Relative Humidity and Plastic Raw Material Moisture

J

JPDaniel

#1
Dear forum Members,

My query comes out of the need for setting the right preheating time for plastic raw material before injection molding for various seasons for a tropical climate near sea coast.

Would the plastic granules have low moistue content during summer when RH is lower compared winter where RH is high. The absolute humidity must be high during summer, which means more water vapour in air and I am unable to decide. :confused:

Is it true that low RH means lower moisture content in plastic granules?

Please give your thought on this.

Best Regards,
P. Daniel
 

Ronen E

Just a person
Super Moderator
#2
Hi P.,

Absolute humidity is irrelevant. In general, if the barometric pressure is constant, the higher the air temperature, the more moisture air is able to hold. The fact that there's more moisture in the air (in absolute terms) doesn't necessarily mean more moisture will be transferred to the plastic granules. There's more moisture around, but also a higher ability of the air to keep it.

On the other hand, as relative humidity (RH) goes up, the air is less and less capable of keeping it, up to the point of RH 100%, where you will see fog forming. the air is no longer able to hold the moisture as gas molecules and the water will start forming droplets.
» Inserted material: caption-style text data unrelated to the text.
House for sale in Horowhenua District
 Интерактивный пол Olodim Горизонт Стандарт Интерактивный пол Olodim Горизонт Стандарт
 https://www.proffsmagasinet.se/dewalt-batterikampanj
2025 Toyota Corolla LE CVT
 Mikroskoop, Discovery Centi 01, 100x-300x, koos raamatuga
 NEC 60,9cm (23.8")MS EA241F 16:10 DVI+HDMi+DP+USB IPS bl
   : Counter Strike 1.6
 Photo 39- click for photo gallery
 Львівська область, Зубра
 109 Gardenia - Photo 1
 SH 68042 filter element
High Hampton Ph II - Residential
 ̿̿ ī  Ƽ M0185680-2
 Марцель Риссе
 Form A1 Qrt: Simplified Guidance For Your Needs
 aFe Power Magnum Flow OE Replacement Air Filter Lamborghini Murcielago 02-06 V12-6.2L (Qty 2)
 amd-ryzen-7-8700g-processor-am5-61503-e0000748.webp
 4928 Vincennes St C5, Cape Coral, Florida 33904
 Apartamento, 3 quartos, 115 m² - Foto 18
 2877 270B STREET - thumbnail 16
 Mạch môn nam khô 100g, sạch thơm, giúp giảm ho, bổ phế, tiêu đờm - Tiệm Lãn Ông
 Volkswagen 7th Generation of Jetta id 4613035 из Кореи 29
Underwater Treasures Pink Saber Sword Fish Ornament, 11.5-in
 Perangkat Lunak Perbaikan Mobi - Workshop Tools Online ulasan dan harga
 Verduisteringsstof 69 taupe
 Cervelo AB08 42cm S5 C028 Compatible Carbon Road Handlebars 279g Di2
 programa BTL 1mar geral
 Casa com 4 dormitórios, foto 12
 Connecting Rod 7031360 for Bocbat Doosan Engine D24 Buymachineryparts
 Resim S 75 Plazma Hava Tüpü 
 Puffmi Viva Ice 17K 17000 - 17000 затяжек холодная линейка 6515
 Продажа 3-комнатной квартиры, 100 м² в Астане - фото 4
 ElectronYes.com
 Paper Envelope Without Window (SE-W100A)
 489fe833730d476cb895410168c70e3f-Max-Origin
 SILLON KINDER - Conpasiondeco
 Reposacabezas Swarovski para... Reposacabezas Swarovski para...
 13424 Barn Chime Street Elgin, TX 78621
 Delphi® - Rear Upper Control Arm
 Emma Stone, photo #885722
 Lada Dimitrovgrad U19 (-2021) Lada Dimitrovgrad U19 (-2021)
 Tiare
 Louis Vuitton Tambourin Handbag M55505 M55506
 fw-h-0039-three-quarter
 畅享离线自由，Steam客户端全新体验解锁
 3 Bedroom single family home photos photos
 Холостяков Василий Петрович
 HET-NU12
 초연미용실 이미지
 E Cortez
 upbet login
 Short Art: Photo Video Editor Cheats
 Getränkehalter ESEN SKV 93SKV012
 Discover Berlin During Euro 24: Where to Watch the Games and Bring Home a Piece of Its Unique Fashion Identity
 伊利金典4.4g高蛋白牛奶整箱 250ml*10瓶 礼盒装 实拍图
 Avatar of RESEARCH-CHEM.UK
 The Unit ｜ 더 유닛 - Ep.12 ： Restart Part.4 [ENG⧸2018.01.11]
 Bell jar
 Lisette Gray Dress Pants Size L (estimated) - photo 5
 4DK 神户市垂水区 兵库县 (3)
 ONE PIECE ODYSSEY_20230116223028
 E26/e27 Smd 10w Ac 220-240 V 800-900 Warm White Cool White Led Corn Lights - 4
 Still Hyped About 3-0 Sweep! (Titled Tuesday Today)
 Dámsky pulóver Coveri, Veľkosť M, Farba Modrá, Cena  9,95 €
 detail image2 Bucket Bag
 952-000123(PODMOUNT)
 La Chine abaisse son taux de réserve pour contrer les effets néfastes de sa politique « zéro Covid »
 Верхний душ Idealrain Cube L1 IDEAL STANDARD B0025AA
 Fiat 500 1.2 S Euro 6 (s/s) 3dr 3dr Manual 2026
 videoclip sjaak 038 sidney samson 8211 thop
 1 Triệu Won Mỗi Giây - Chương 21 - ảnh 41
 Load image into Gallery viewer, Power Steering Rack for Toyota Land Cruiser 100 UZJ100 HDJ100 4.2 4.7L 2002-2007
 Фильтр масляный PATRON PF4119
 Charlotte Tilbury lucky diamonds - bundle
So basically you should pay attention to RH.

Considering plastic resins for injection molding, you should be strictly adhering to the raw material manufacturer's instructions concerning moisture content / drying. If critical, get a moisture content meter and use it for making decisions. If the bulk raw material packaging is adequate and storage periods are not excessive (proper stock management), then this should be less of a concern, but you may want to establish the facts based on actual measurements.

Cheers,
Ronen.
 
J

JPDaniel

#3
Hi Ronen,

Thanks for the information.
I agree, measurement should be the basis for this decision. :yes:

We might have to test samples with different initial moisture content and record the time it takes to reach the required level.

We have Precisa moiture testing instrument and would carryout the tests.

Again, I presume the above test might give different heating times based on the RH on that day. Hope it would not be significant.

Thanks,

P.Daniel
 

Bjourne

Involved In Discussions
#4
Very nice post there Ronen :) I agree there that aside from paying attention to the RH, the proper handling/storage/dispensing of the mold material is very critical also. And please also consider the kind of mold material you have. I am not that familiar with injection molding plastic resins but in semiconductor molding our EMC (Epoxy Molding Compound) follows strict stock management based on (as Renon stated earlier) it's characteristics and manufacturer's instructions. They may differ per manufacturer such as in Henkel they advice us to:

1. Store at 5deg or below (cold storage)
2. Remove from cold storage thaw from 16-24hrs prior usage.
3. Handle with lint free gloves.
4. Keep away from heat.
5. Keep desiccant bags with the pail/box until used up.
6. Replace lid on pail after each use.
7. Consume within 24 hours of opening.
8. Unused --unopened material which has been already thawed and exposed to room temp min 48hrs (with within spec RH)can be restored/refreezed to cold storage only once(at 5deg or below). Thawing and other conditions apply.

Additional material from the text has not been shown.